A University Student Built a Map Tracking AI Regulation Worldwide

A University Student Built a Map Tracking AI Regulation Worldwide
Isabelle Reksopuro, an Indonesian-American student at the University of Washington studying technology policy, has built an interactive map that tracks how different countries and regions are regulating AI and data centers. The map pulls together policy information from Epoch AI alongside data on data center laws, creating what looks to be the first visual tool of its kind for seeing where and how governments are governing AI infrastructure.
The project started when Reksopuro was investigating reports that Google was buying public land to power data centers in Oregon. That research snowballed into a bigger question: how are jurisdictions around the world handling the regulatory challenge of AI infrastructure expanding rapidly.
Why Google's Oregon Data Centers Matter
Google's presence in Oregon shows the kind of infrastructure story that Reksopuro's map is trying to make visible. The company opened its first data center it owned and ran in The Dalles, Oregon in 2006, built right next to the Columbia River. The location was chosen for good reason: cheap hydroelectric power and natural cooling from the river's water—both crucial for keeping data centers running efficiently.
Google has since invested more than $2.4 billion in Oregon, with $1.8 billion going specifically to new data centers in The Dalles. Today there are three active facilities in the area, with a fourth under construction. The third facility opened in February and added 200 jobs to the region.
This expansion had real technical payoffs: newer infrastructure improvements cut response times for Pacific Northwest customers by up to 80 percent. Google also won ISO 50001 certification—a global standard for energy management—at The Dalles facility and signed agreements to buy 1 gigawatt of power that can be shifted on demand, helping local utility companies balance the power grid during peak usage.
Beyond building its own facilities, Google has donated money to Oregon State University's Open Source Lab to upgrade its data center equipment, spreading the benefits further across the technical community.
The Policy Puzzle
Google's operations in Oregon highlight a tension that Reksopuro's map brings into focus. Data center investment brings jobs and tax revenue to places like Wasco County, Oregon, but it also raises questions about who controls land use, how much tax companies should pay, and how to balance growth with protecting the environment.
These same questions are surfacing everywhere as AI booms and demand for computing power explodes.
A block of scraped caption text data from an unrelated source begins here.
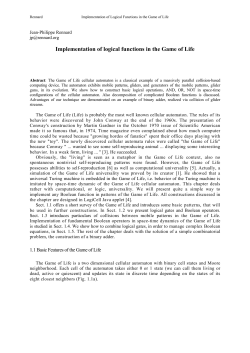 Logical Functions in the Game of Life - Jean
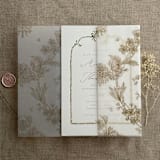 "Venetian floral lace hazelnut color printed vellum wrap for 5x7 card | pack of 10" - Invitation Jackets and Overlays in natural by Ivory Invitations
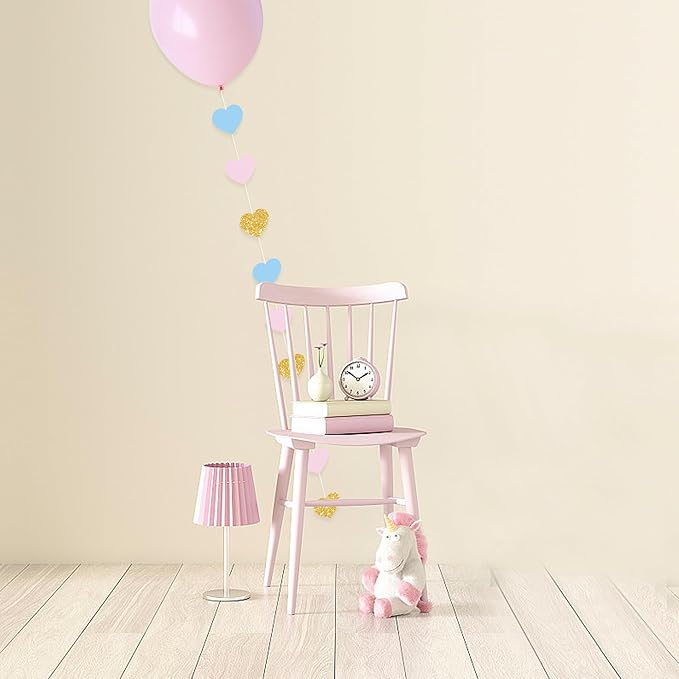 Boy or Girl Gender Reveal Decorations 6PC Pink Blue Gold Hear Garland Balloon Tails for Baby Shower Decor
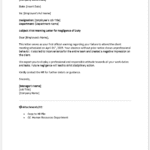 First Warning Letter for Negligence of Duty
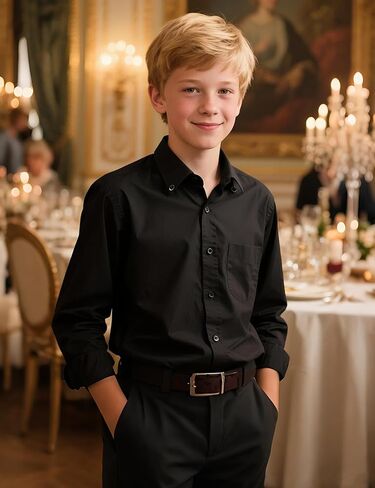 A & J Design Boys Button Down Long Sleeve Dress Shirt Kids Italial Easter Mode Solid Slared Shirt مع جيب الصدر in Saudi Arabia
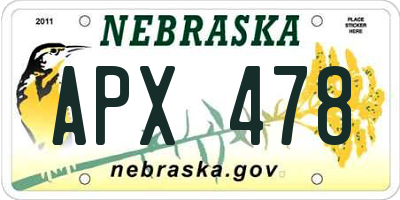 NE license plate APX478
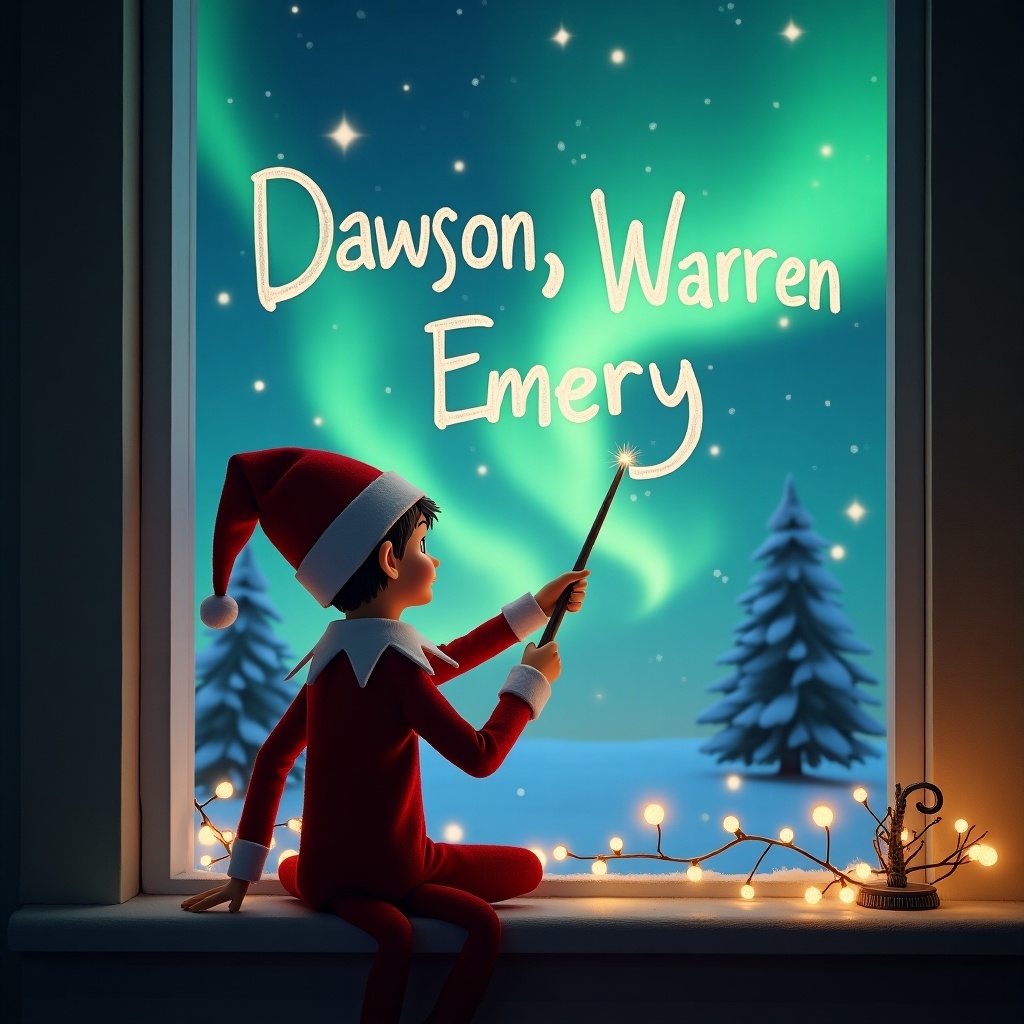 Elf sitting by window, back facing viewer, writing names in the sky with a wand. Background features northern lights and festive decorations.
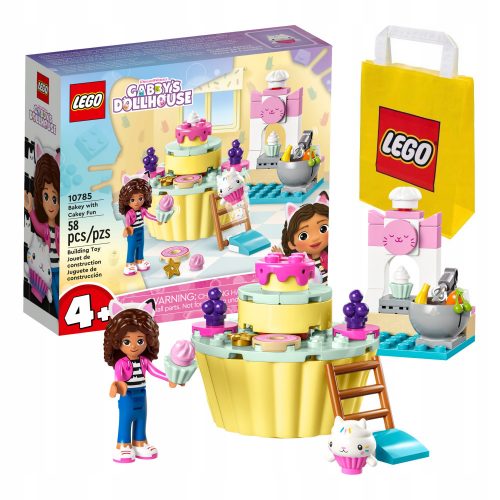  LEGO La casetta del gatto di Gabi 10785 Cuocere una torta con dolcezza + Sacchetto di carta LEGO 6315786 Giallo 24x8x18 cm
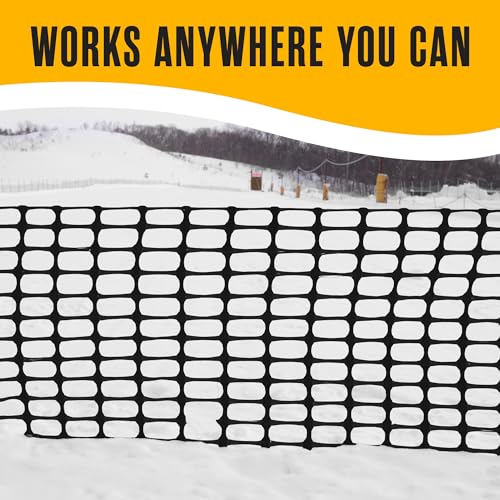 Fencing, Temporary Fence, Snow Fence, Chicken, 10.55 lb/roll, 4x100' Feet | Houseables Black Plastic Fencing, Deer Netting, Plastic Mesh Roll, Safety Netting, Construction, Yard, Garden, Dogs, Backyard - color: Black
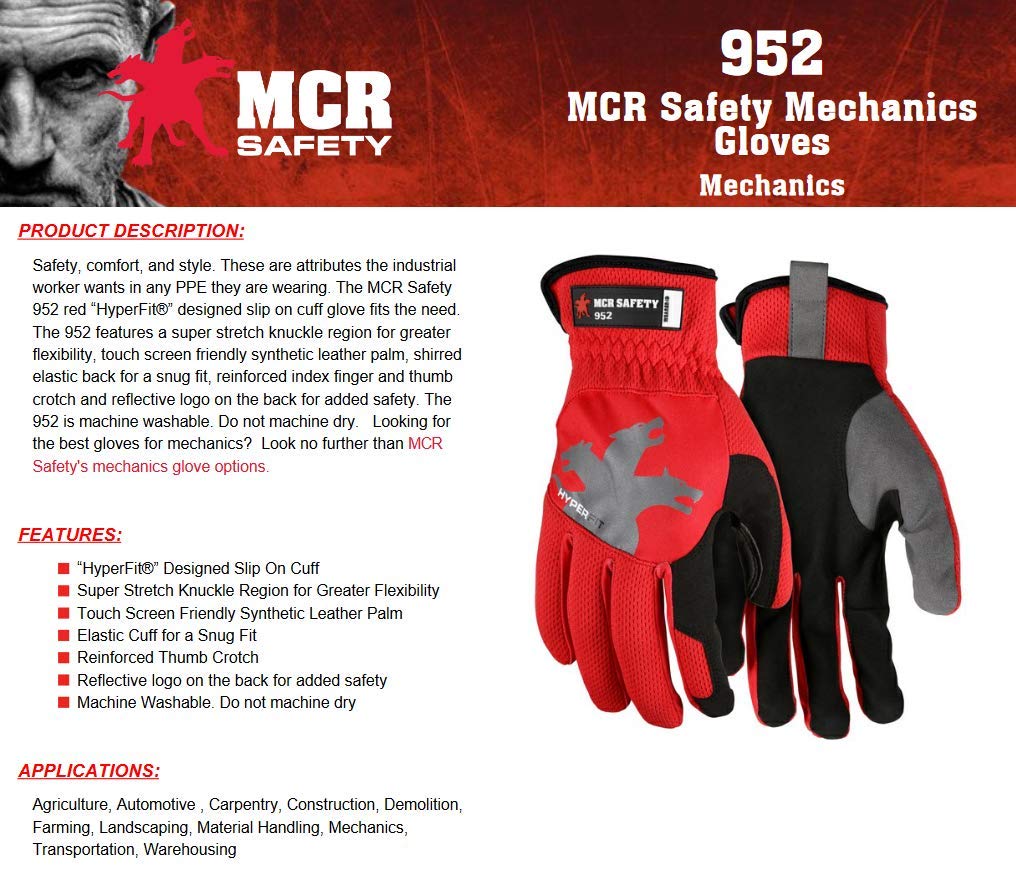 MCR Safety 952M HyperFit Mechanics Work Gloves, Synthetic Leather Palm Reflective Logo on Super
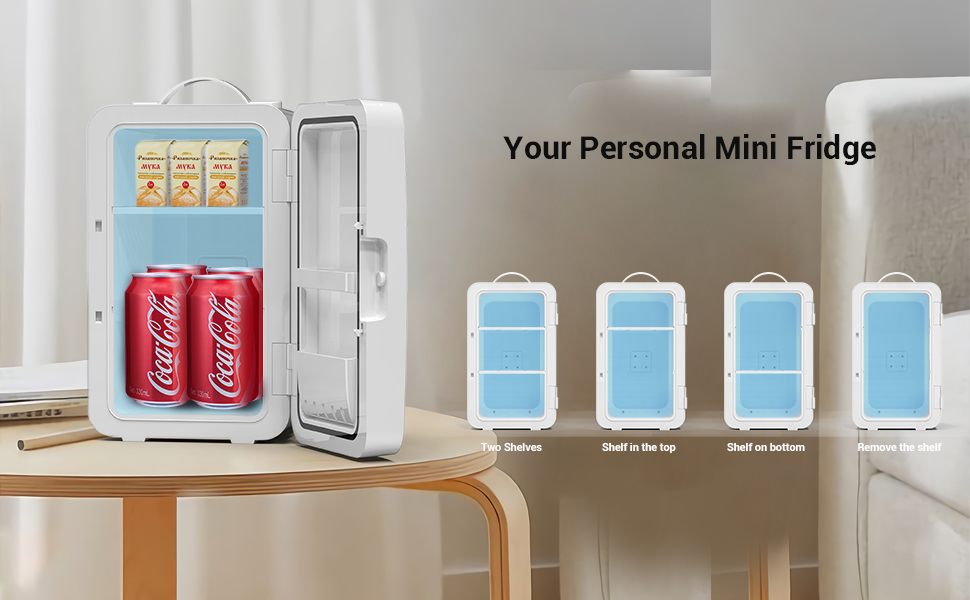 SUAVO Mini Fridge 6L/8 Cans Portable Cooler and Warmer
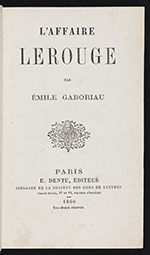 Title page of L'Affair Lerouge by Emile Gaboriau (1866)
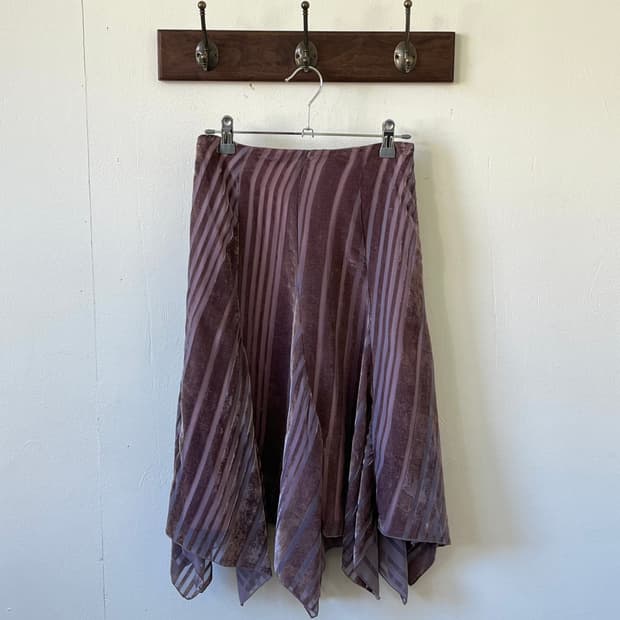 Japan vtg 벨벳 시스루 스커트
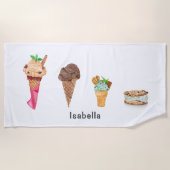 Vier ijsjes gepersonaliseerd strandlaken (Voorkant)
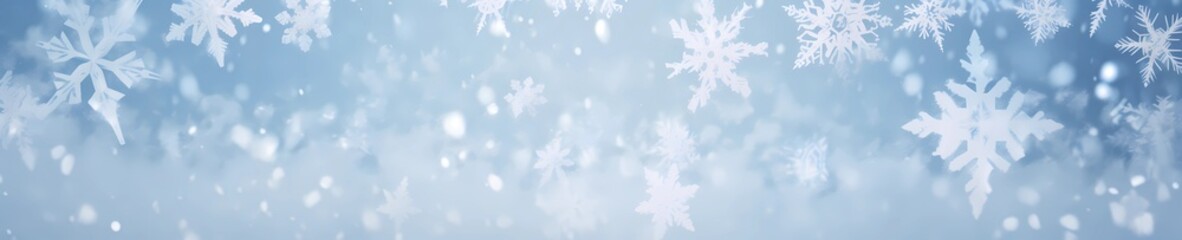 Fototapeta na wymiar Snow Background. Widescreen. Snowflakes. Clear white Background. Christmas Winter Background. Created by Generative AI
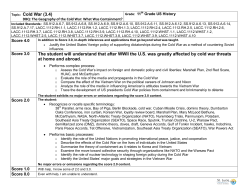 Topic: Cold War (3.4) The student will understand that after WWII the
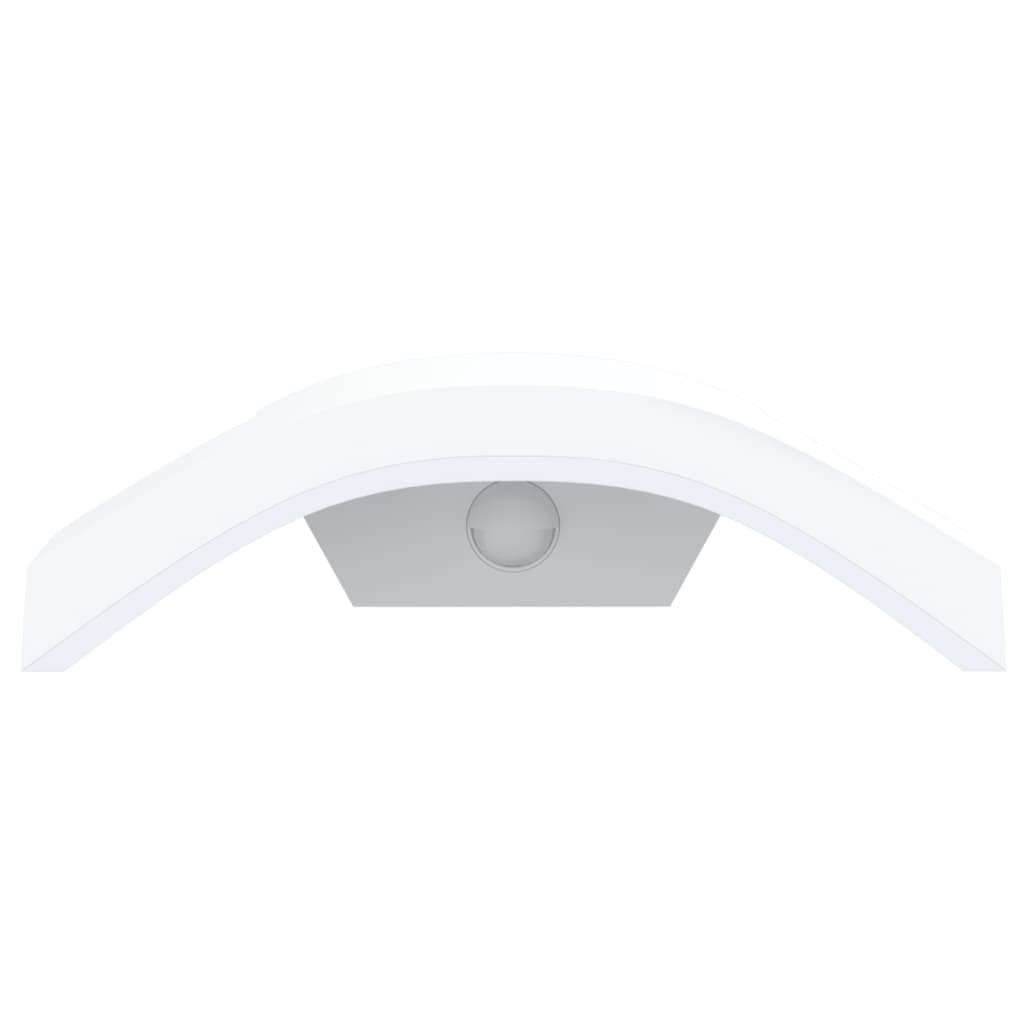 vidaXL Buitenwandlamp LED met sensors gegoten aluminium wit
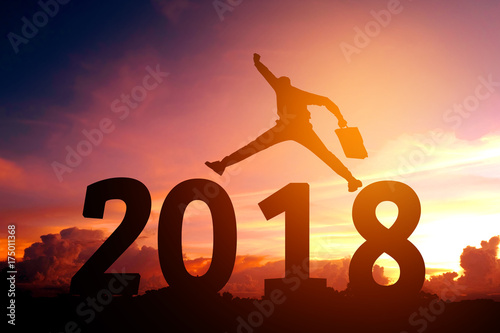 Silhouette young business man Happy for 2018 new year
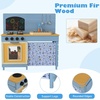 image:imageINFANS Mud Kitchen Wood Pretend Play Kitchen with Running Water Removable Sand Sink Cover Cloth Faucet Chalkboard Stoves Toddle
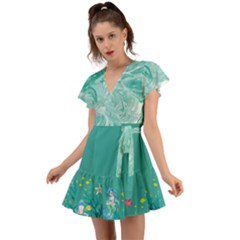 Cute Turquoise Mermaid Princess Flutter Sleeve Wrap Dress by CoolDesigns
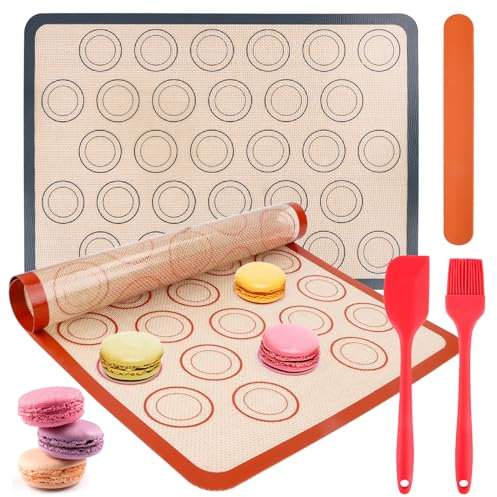 Set di 2 tappetini da forno in silicone Macaron, antiscivolo, con pennello da forno, antiaderente, riutilizzabili, per macaron, biscotti, pane, pizza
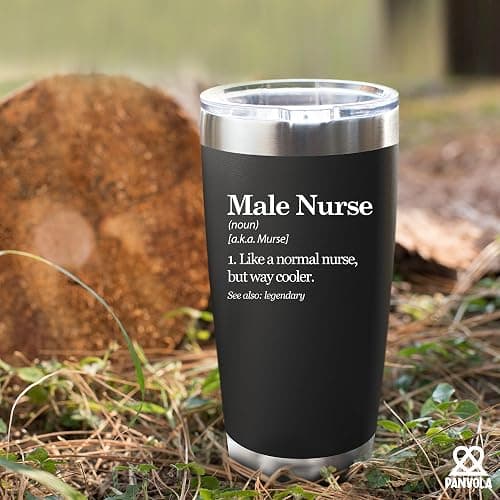 Male Nurse Definition Murse Like A Normal Nurse But Way Cooler Nursing Student Gifts to Boyfriend Husband Dad From Girlfriend Wife Mom Vacuum Insulated Tumbler Removable Lid and Straw (Black, 20 oz) thumbnail 2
Governments are caught between two pressures: attracting investment and jobs on one hand, and managing the very real costs in water, power, and land on the other.
The broader context here is worth stepping back to see. We have watched similar dynamics play out before—railroad expansion in the 1800s, telecommunications networks in the 1990s. Each wave created tension between companies investing their own money and communities trying to protect shared resources. What is different now is how fast it is happening and how directly the location of a data center affects whether an AI company can compete globally.
Reksopuro's map lets policymakers and researchers see the full picture. Some regions are imposing strict environmental reviews and limits on resource use. Others are offering tax breaks and faster permitting to lure data center investment. By putting all of this on one map, it becomes easier to see which strategies other places are using and think about trade-offs.
How the Map Works
The interactive map combines two data sources. It uses Epoch AI's database of AI policies across countries and regions, then adds legislative information scraped from government databases specifically about data center rules.
This two-pronged approach solves a real problem in tracking AI governance: regulations are scattered across different areas. Data center rules might sit in zoning laws, environmental codes, or energy policy—all separate from AI-specific rules. Reksopuro's map connects those dots geographically, so you can see how all these regulations interact in one place.
For regions thinking through their own AI policies, the map serves as a reference—a way to see what other places are doing and learn from their choices.
Why This Matters Now
Data center capacity is becoming a bottleneck for AI development. Major cloud companies like Amazon, Microsoft, and Google are competing hard to secure power, cooling systems, and political support for new facilities. As demand grows, geography starts to determine which regions can actually build and run AI systems at scale.
Reksopuro's map makes this connection between policy and power visible. Places with strict data center rules might get left out of AI buildouts. Places that welcome data centers may face strains on water, power, and infrastructure as demand scales up.
If you work in infrastructure planning or cloud architecture, the map offers something useful: a clearer picture of the regulatory risk in different regions before you commit to hosting AI workloads there. As AI spreads globally and companies have to choose where to run their systems, understanding the policy environment matters as much as the technical specs.
The project also shows something broader: individual researchers working with open data and basic web tools can contribute meaningfully to policy transparency. As governments keep developing new AI rules and regulations, maps and tools like this one may become essential for staying current with the regulatory landscape that shapes where technology actually gets built and deployed.